Wednesday, December 26, 2007

Call of the wild

About Thanksgiving, I began hearing the strangest, most eerie sounds that seemed a blend of honk, moan and call of the wild. The long, loud, repetitive noises seemed to come from the ocean.

What were they like? To me, they sounded like the unlikely cross between a mournful moose and a thoroughly ticked-off goose.

Quickly I scanned the sea from horizon to shore, ready to summon paramedics and North Coast Ocean Rescue volunteers if a stranded or injured human was yelling for help. Hmmmmm. No people in distress. No marine mammal fighting for its life. Just waves, kelp, birds and an otter bashing his chest with an unlucky crustacean-cum-dinner.

The cry of a dying crab? I don’t think so.

I heard the sounds off and on that day, always in sets of consecutive, separate cries. But I never had any luck in seeing what I was hearing.

After days of these occasional sounds, I sent out my own cyber-cries, using e-mail to get help identifying the noisemaker.
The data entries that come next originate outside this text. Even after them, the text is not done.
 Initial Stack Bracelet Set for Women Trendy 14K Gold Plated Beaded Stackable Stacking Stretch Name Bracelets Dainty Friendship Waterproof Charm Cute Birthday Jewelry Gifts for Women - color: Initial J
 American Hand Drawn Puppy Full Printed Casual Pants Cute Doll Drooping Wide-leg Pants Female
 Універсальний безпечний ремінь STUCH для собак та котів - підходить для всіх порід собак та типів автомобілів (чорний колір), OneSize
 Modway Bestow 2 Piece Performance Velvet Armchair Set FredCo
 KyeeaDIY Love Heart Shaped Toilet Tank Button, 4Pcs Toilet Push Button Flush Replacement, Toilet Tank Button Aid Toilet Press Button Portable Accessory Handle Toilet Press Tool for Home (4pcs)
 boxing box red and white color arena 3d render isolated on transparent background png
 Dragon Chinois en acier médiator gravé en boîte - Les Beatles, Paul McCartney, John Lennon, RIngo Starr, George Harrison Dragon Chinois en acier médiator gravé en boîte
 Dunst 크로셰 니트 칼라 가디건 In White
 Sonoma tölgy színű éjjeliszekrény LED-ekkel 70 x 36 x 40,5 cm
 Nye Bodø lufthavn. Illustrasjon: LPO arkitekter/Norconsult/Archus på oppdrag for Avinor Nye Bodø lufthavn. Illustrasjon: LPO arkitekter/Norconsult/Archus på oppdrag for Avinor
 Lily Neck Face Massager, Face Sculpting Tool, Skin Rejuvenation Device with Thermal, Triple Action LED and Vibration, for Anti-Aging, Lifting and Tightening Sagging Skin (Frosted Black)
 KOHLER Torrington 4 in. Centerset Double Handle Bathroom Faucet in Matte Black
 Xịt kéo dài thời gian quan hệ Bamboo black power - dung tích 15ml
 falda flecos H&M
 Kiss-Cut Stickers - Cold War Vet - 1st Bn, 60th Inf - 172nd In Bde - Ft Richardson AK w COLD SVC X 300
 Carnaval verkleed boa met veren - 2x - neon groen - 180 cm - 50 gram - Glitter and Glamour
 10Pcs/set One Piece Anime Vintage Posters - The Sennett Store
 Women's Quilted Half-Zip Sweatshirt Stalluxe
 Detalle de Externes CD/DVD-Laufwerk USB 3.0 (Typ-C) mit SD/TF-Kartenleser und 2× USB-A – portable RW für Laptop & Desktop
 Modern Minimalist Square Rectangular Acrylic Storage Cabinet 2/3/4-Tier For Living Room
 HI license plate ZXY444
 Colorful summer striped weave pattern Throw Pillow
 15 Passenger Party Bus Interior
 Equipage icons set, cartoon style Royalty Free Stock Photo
Perhaps some of the marine and wildlife experts who live nearby might have heard the same thing.

Some had.

Margaret “P.J.” Webb of the Monterey Bay National Marine Sanctuary’s Advisory Council and The Marine Mammal Center said the sounds might have been alert calls from a “sea lion asserting his ‘King of the Rock’ status.”

But don’t sea lions bark? We hear them all the time from the so-called “Seal Rock.”

Michele Roest, marine sanctuary staffer, suggested that at night, such sounds might be from a black-crowned night heron, a day sleeper. “At dusk, when they wake up, they emit very loud, harsh raucous shrieks, one at a time for a series of a few minutes — truly very unpleasant sounds.”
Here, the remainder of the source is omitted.